How to Help Your Adolescent Develop Successful Life Strategies
Summertime is here–and most adolescents will be out of school. Some will get caught up in day-to-day boredom, others will be engaging in risky behaviors.
But your adolescent can have a better experience. Your adolescent’s summer can be the time the two of you focus on building a foundation for their successful life. Plan on taking some time with your adolescent to talk about what they want for their lives and how to get it.
Researchers who have studied the process needed for adolescents to build successful lives have summarized their findings with the words “selection, optimization, and commitment” or SOC for short (Gestsdottir & Lerner, 2008).
- Selection: The adolescent selects goals that are appropriate and achievable.
- Optimization: The adolescent makes a “how-to” plan by thinking through resources available and resources needed.
- Commitment: The adolescent is able to keep on going for the goal when the planned strategy does not work.
Successful Life Strategies Require Selecting Goals
The mother in the picture above is using the opportunity of her daughter’s web search to talk about what her adolescent wants in life. As she passed her daughter in the living room, she noticed that her daughter had her “Pinterest” account open, showing a shiny, blue Hyundai Elantra.
Mother: “Oh, my, Jesse, you have great taste in cars!”
Jessica: “Hi, Mom! Yes, this is the car I want to buy when I get my license next month.”
Mother: “Oh, so you are planning on buying a car? Have you thought about how to do that?”
Successful Life Strategies Require a “How-To” Plan
Jessica originally had thought that her parents might buy her the car for her birthday. She was a little disappointed to hear that mom and dad had no plans for such an expensive, elaborate gift. Further, if she wants to drive, she will have to have car insurance–which must be paid monthly. This seems pretty overwhelming, but Jessica is a girl who is willing to work for what she wants.
Jessica: “So, mom, how much would it cost to buy this kind of car?”
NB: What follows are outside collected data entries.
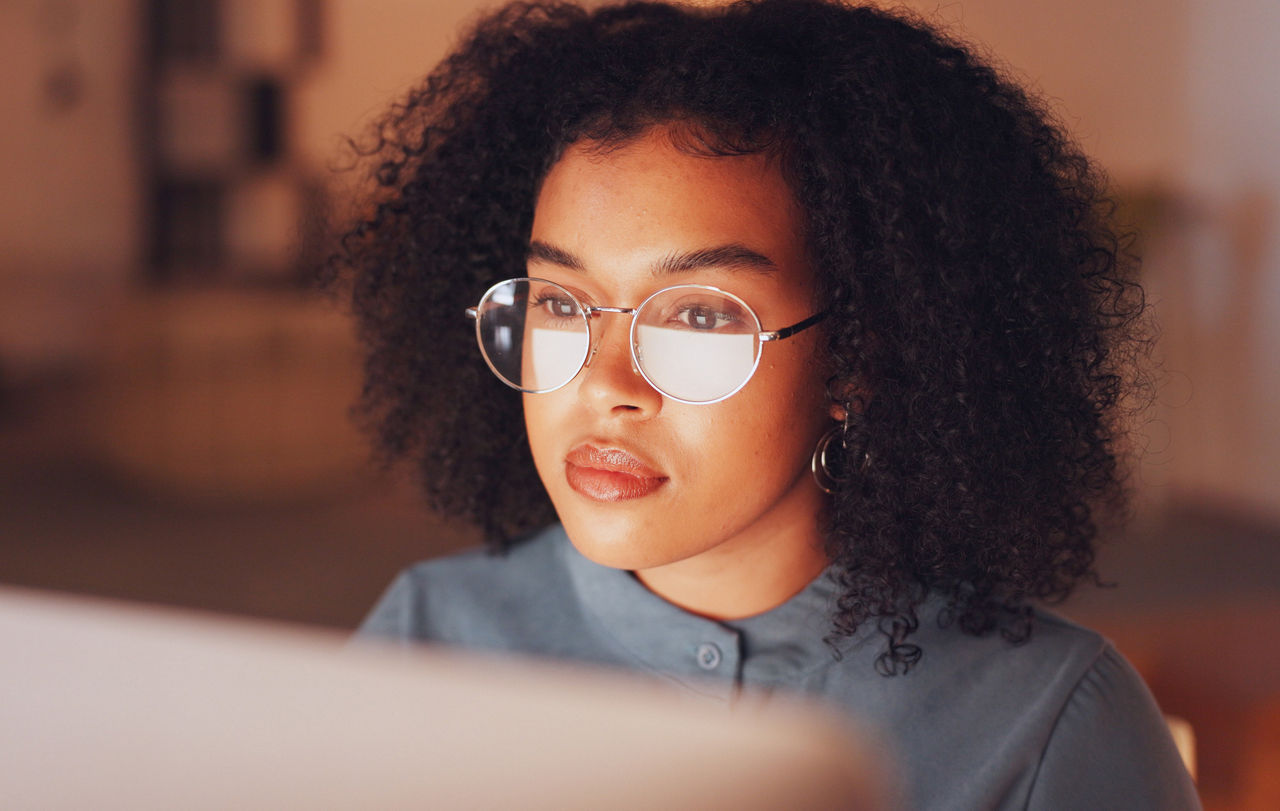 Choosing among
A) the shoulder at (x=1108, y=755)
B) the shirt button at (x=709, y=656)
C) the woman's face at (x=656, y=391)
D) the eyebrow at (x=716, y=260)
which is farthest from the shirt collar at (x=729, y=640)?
the eyebrow at (x=716, y=260)

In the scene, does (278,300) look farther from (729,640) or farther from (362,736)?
(362,736)

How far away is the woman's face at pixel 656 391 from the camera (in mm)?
1030

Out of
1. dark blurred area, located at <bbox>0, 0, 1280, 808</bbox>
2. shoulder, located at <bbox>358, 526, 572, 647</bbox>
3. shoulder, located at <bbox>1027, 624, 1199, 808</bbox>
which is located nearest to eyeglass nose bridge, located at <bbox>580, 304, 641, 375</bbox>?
shoulder, located at <bbox>358, 526, 572, 647</bbox>

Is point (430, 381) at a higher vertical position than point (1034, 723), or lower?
higher

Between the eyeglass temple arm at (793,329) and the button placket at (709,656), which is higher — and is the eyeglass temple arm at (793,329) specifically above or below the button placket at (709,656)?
above

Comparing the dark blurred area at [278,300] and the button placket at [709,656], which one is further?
the dark blurred area at [278,300]

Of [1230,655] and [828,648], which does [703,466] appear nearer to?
[828,648]

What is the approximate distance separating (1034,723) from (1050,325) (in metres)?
0.39

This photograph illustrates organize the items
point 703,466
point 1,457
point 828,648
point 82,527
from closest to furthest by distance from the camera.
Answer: point 703,466
point 828,648
point 82,527
point 1,457

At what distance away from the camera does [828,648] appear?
3.78 feet

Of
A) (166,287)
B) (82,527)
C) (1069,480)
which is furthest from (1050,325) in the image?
(166,287)

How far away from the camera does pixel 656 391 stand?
1.04 meters

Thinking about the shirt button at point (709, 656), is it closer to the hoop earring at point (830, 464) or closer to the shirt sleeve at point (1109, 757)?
the hoop earring at point (830, 464)

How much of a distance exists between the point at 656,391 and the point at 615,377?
4cm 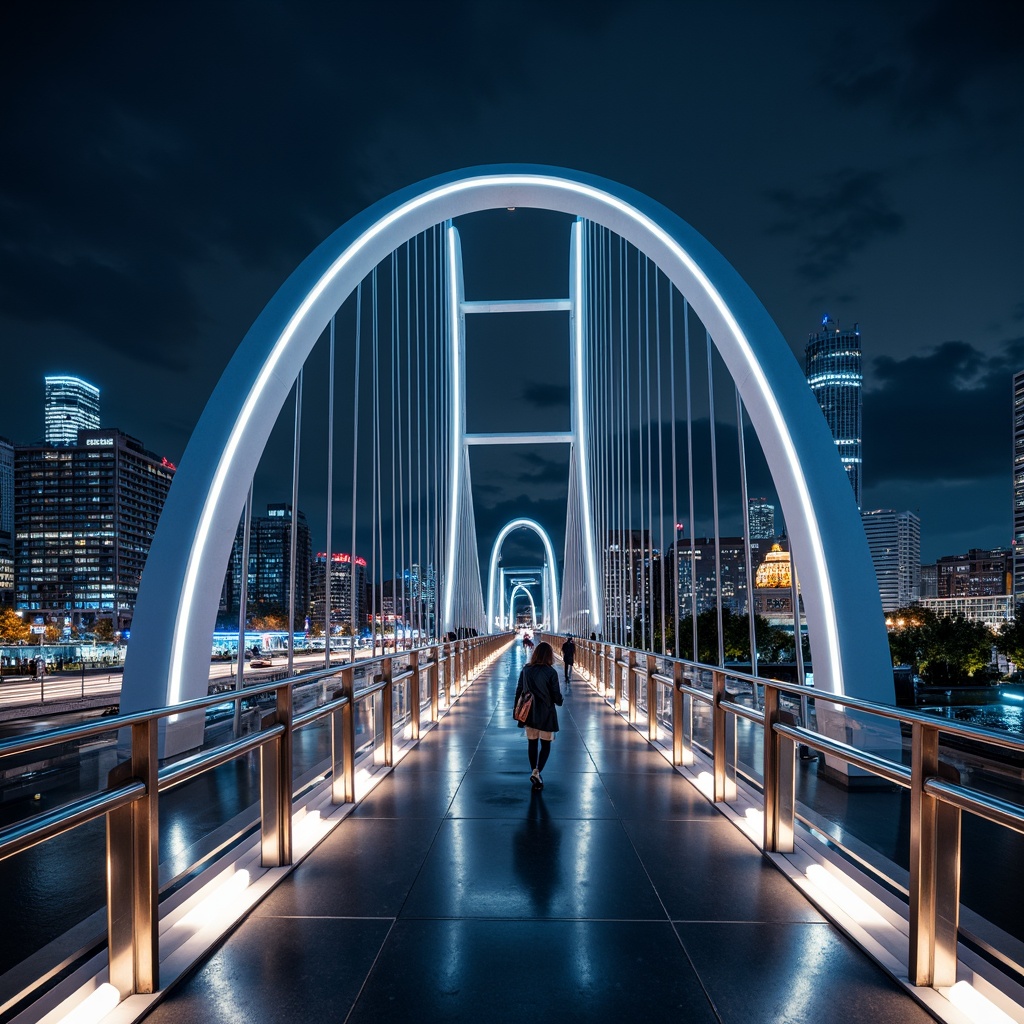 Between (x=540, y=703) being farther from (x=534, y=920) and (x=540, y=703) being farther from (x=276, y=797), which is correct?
(x=534, y=920)

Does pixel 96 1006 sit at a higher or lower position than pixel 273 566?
higher

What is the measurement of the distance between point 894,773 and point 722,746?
254cm

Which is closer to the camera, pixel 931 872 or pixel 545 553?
pixel 931 872

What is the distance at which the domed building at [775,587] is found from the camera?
104 meters

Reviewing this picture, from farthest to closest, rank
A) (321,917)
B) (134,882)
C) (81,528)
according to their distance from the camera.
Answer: (81,528) < (321,917) < (134,882)

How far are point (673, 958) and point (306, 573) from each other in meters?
131

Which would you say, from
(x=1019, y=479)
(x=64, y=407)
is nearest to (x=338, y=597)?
(x=1019, y=479)

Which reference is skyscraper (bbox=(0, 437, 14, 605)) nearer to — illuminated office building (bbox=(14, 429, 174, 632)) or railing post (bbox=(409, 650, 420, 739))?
illuminated office building (bbox=(14, 429, 174, 632))

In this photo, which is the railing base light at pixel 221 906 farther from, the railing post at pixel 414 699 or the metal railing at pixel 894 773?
the railing post at pixel 414 699

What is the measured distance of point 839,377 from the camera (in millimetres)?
190500

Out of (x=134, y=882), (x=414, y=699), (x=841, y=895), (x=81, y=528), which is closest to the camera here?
(x=134, y=882)

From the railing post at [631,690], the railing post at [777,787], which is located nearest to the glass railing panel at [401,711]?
the railing post at [631,690]

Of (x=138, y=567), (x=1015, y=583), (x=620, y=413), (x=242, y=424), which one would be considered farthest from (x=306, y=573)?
(x=242, y=424)

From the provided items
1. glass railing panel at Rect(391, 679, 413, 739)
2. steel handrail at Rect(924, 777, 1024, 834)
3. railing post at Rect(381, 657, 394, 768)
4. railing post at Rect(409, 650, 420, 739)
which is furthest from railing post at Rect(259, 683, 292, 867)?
railing post at Rect(409, 650, 420, 739) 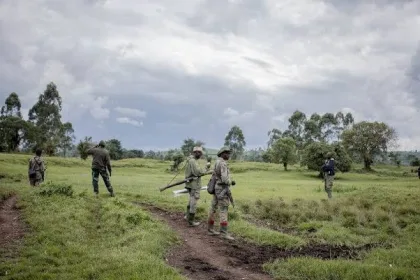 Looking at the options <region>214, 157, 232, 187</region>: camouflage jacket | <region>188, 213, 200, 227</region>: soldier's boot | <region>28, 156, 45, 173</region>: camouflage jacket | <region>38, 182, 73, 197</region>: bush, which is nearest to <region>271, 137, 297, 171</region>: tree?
<region>28, 156, 45, 173</region>: camouflage jacket

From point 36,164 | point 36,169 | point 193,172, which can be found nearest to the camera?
point 193,172

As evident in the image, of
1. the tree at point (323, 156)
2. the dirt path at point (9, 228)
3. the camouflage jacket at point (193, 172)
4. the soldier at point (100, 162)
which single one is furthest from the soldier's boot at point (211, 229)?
the tree at point (323, 156)

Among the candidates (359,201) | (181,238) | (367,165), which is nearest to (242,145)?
(367,165)

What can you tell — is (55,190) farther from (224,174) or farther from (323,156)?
(323,156)

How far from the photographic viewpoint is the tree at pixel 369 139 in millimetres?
86875

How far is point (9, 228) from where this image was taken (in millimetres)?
14414

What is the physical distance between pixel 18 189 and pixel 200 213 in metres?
11.1

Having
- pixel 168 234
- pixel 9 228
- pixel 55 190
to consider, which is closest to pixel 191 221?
pixel 168 234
Mother: “I was wondering the same thing. And of course, you would have to consider more than just the cost of the car. There would be an initial fee for the license plate and property taxes. There would also be a monthly bill for auto insurance. And fuel for the car–you would need to be able to pay for the gas to take that car wherever you want to take it. ”
Jessica: “It sounds like I would need a job. But I also need to keep up my grades at school. How can I do both?”
Mother: “I like how you are thinking. Have you thought about the information you might need to figure that out?”
Jesse: “I need a lot of information. First, I need an idea about how much it will cost each month to have the car. Then I will have to figure out how many hours I would need to work each month to make that kind of money.”
Mother: “You are right on target! And most important, you might look at whether you would be able to spend that amount of time working and still make good grades and spend some time with your friends.”
Successful Life Strategies Require Commitment
Jessica figured out that she would have to work about 15 hours a week to afford a two-year old version of her dream car. She would need to pay $1,000 down–and she only had $300 in her savings account. She also did not have a job. She could see that it was possible to get that car and fill her obligations at a job and school–but it might not leave enough time to have fun with her friends. Still, if she had a car, she could drive herself to school. It would also signal important people in her life that she was growing up and becoming independent. This would be especially true if she had a part-time job.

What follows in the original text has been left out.